The prescribed procedure under CIPAA is called “adjudication” – a means of dispute resolution that allows the claimant to obtain prompt payment from the respondent (non-paying party) on monies owed under a written construction contract, with an assessment of the claim conducted by a qualified and independent industry expert (adjudicator). As adjudication is a mandatory and statutory process, either party of a construction contract can commence the process without agreement from the other; however, the four requirements mentioned above must first be satisfied. The process itself is private and confidential.

As adjudication under CIPAA only deals with construction disputes regarding the payment for work done and services rendered as stipulated under the terms and conditions of a construction contract, the jurisdiction of an adjudicator is limited solely to the recovery of payment. The decision made by the adjudicator is binding on the parties in dispute subject to arbitration proceedings or litigation in court if the parties desire to bring the matter further.

(II)  PROCESS

The adjudication process under CIPAA takes a total time of 5.5 months to reach a decision, which is relatively simpler and faster than arbitration or court proceedings. Before the process of adjudication, the claimant should first have the following documents in place: (i) the written construction contract; (ii) the duly served letter or notice of demand; (iii) any payment certificates; (iv) any invoices; and (v) any other supporting documents, to support his claim against the non-paying party.

With all documents prepared, the claimant can proceed to serve a payment claim to the non-paying party (the respondent). The respondent, upon receiving the payment claim must respond within 10 working days, either by making payment or serving a payment response to the claimant. The entire payment claim is deemed to be disputed if the respondent fails to respond within the stipulated time. 
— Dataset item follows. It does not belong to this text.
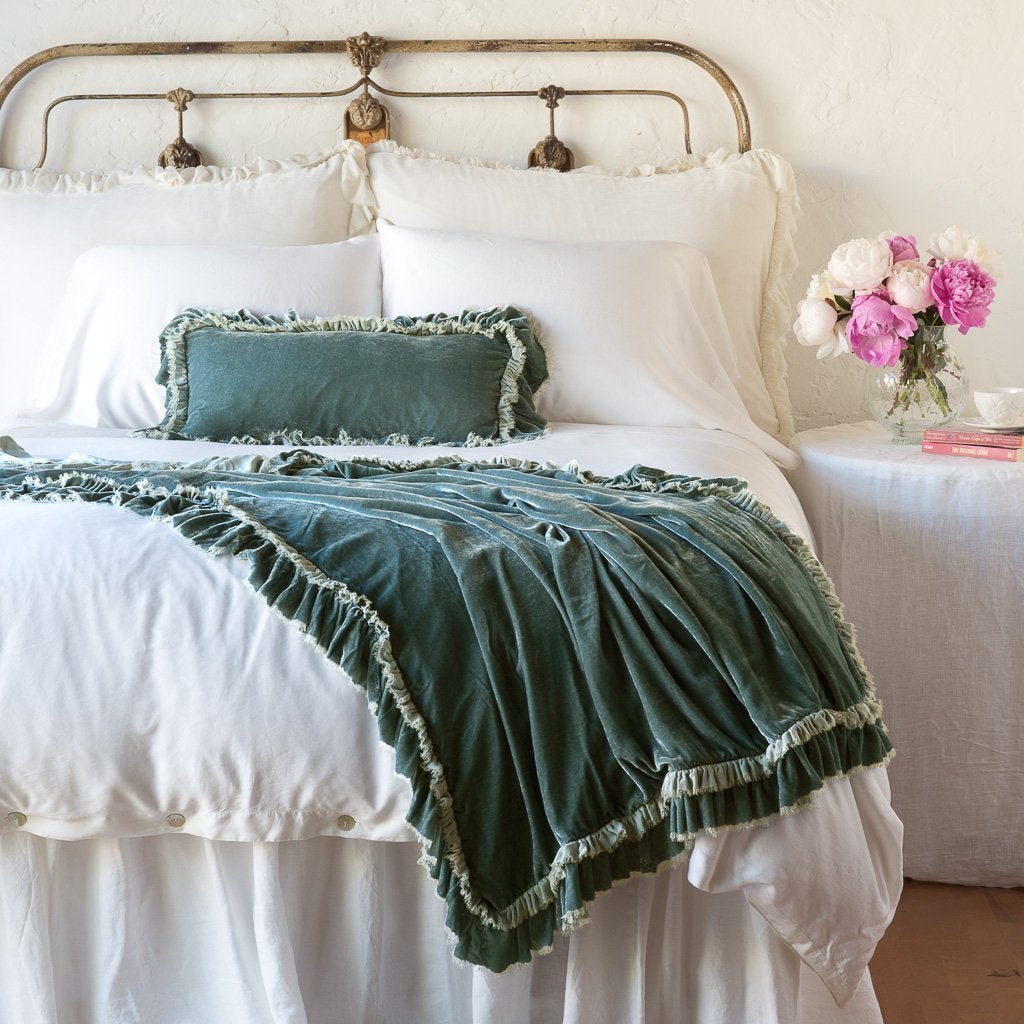 Eucalyptus: throw blanket draped over the end of a white bed, shown with matching accent pillow - end of bed view.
The adjudication proceeding is initiated by serving the notice of adjudication on the respondent. Subsequently, an adjudicator will be selected. The appointment can be done (i) by agreement of the parties in dispute; or (ii) by the Director of Asian International Arbitration Centre (AIAC). Once the appointment is done, the terms of appointment and fees acquired can be negotiated between the adjudicator and the parties.

After that, the claimant shall serve the adjudication claim on the respondent. Upon receipt of adjudication claim, respondent is to serve an adjudication response to both claimant and adjudicator within 10 working days. Claimant shall serve an adjudication reply if he desires within 5 working days on receiving the adjudication response.

The adjudicator must deliver a decision within 45 working days from the service of the adjudication response or the adjudication reply, if any. The outcome of adjudication proceeding is binding, unless it is set aside by the High Court. In a situation where either party does not agree with the adjudication decision, the case can be reopened through arbitration or litigation at the conclusion or termination of the construction contract.

The claimant can be remedied with recovery of payment upon the conclusion of adjudication process in addition to a host of other remedies, such as a right to reduce the rate of work progress, to suspend work, or to secure direct payment from the principal

III) REMUNERATION OF ADJUDICATOR

            The fees for an adjudicator is shared equally between the parties and should be deposited in advance as security. However, on the conclusion of adjudication process, the losing party will have to reimburse the successful party as well as the amounts decided by the adjudicator with regard to the payment dispute.            

The standard fees for the service of an adjudicator is stipulated in Regulation 6 Construction Industry Payment & Adjudication Regulations 2014, as shown below in Table 1. The fees shall include all taxes as may be imposed by the Government on the fees earned by an adjudicator. Remuneration can be higher than the standard fee as stated in Table 1 if the parties agree.

The adjudicator is also eligible to claim for expenses as stated below in Table 2. These claims are subject to the submission of actual invoice, receipt or such evidence acceptable to the parties in dispute.


(IV) CONCLUSION

Adjudication offers a simpler and faster process compared to arbitration or court proceedings. The enforcement of CIPAA has promoted and ensured prompt payment, reduced issues of cash flow shortage, and aided players in the construction industry such as consultants, contractors, sub-contractors and building material suppliers in completing their tasks efficiently. In conclusion, we view CIPAA as a step in the right direction for the construction industry as a whole. In conclusion, we view CIPAA as a step in the right direction for the construction industry as a whole.